### WORK INSTRUCTION
From the data below, return only the lines from the one with "Nic mnie nie" through the one with "鲨鱼软骨素是狗狗必须吃的吗(狗狗是否需要摄入鲨鱼软骨素？)", exact and inclusive, with pictures left out.

### SUPPLIED INFORMATION
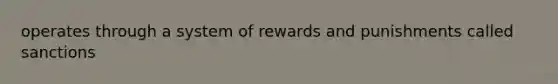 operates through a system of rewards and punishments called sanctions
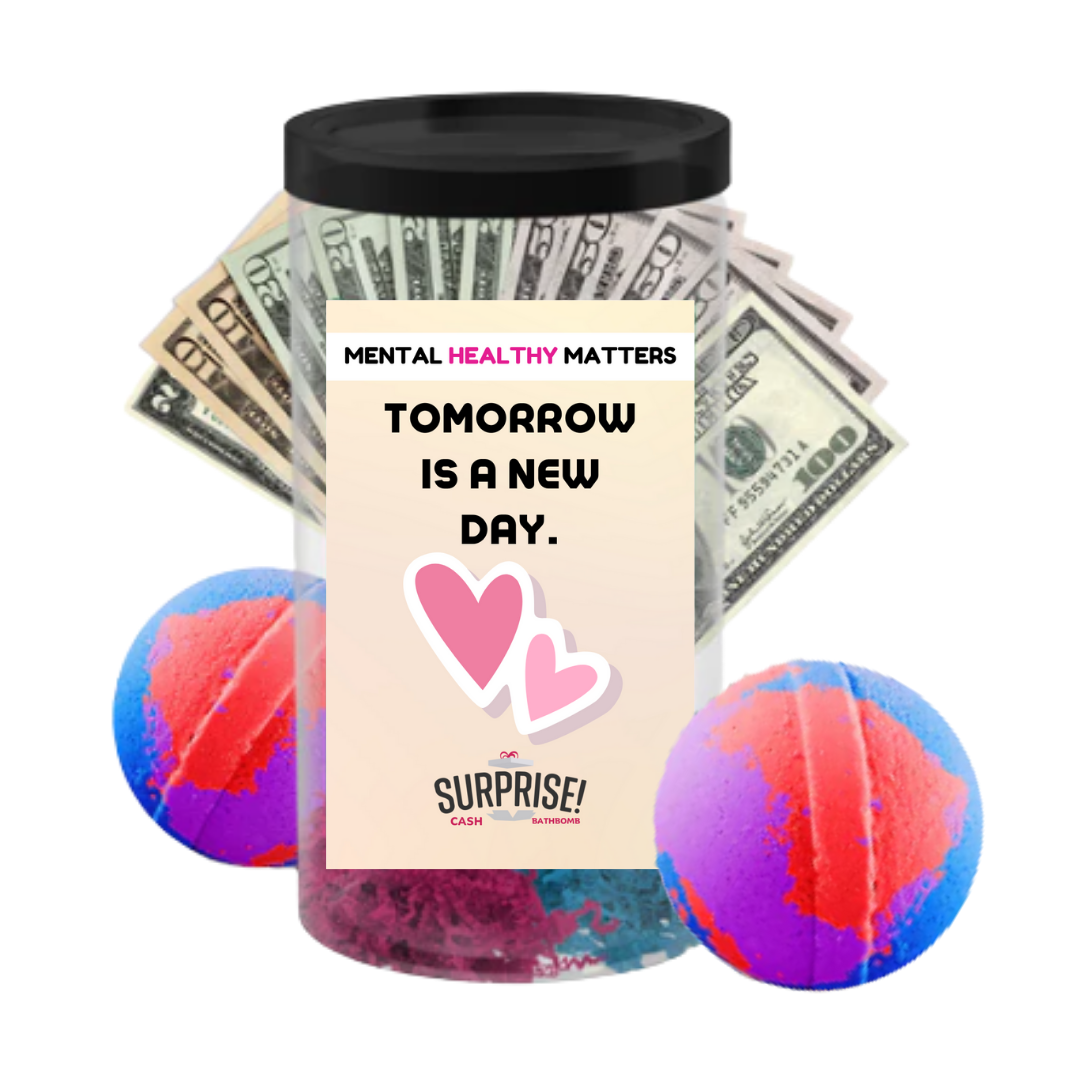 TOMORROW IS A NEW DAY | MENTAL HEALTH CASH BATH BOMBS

...

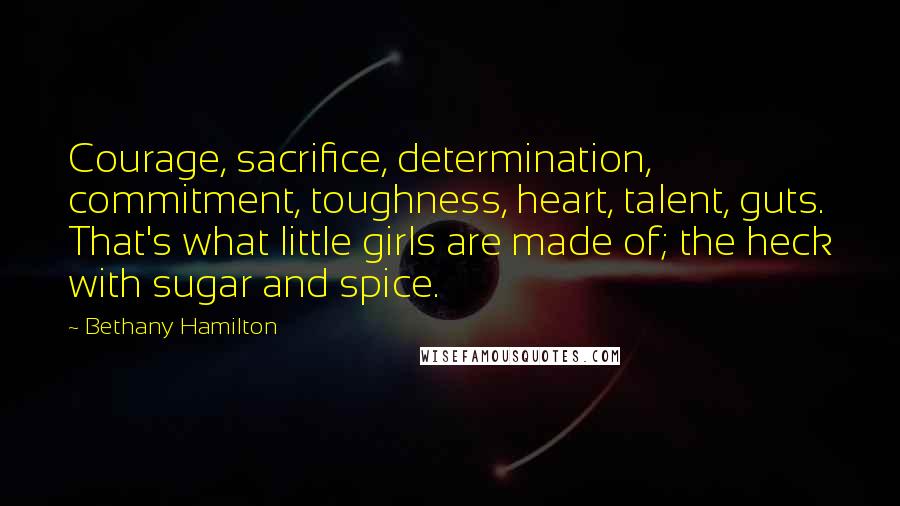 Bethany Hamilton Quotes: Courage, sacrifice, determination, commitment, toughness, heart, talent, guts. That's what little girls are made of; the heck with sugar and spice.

* * *

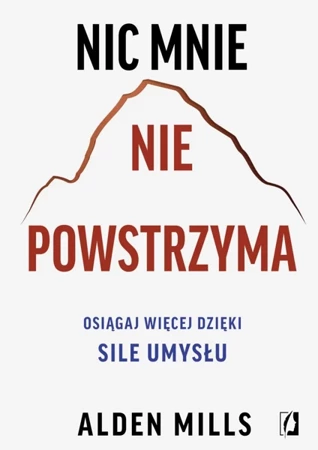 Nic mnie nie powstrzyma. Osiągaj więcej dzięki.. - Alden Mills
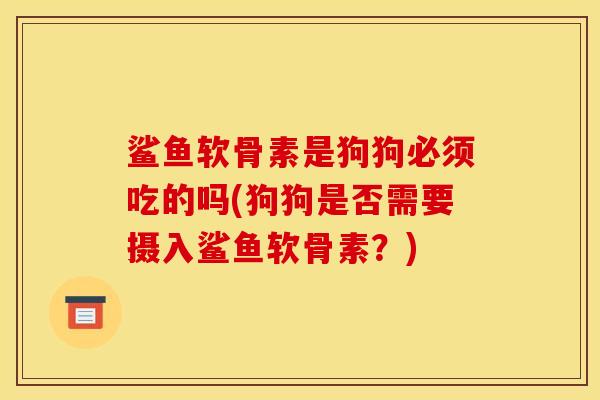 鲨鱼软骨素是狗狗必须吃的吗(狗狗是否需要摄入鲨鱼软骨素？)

### FINAL ANSWER
 Nic mnie nie powstrzyma. Osiągaj więcej dzięki.. - Alden Mills
 鲨鱼软骨素是狗狗必须吃的吗(狗狗是否需要摄入鲨鱼软骨素？)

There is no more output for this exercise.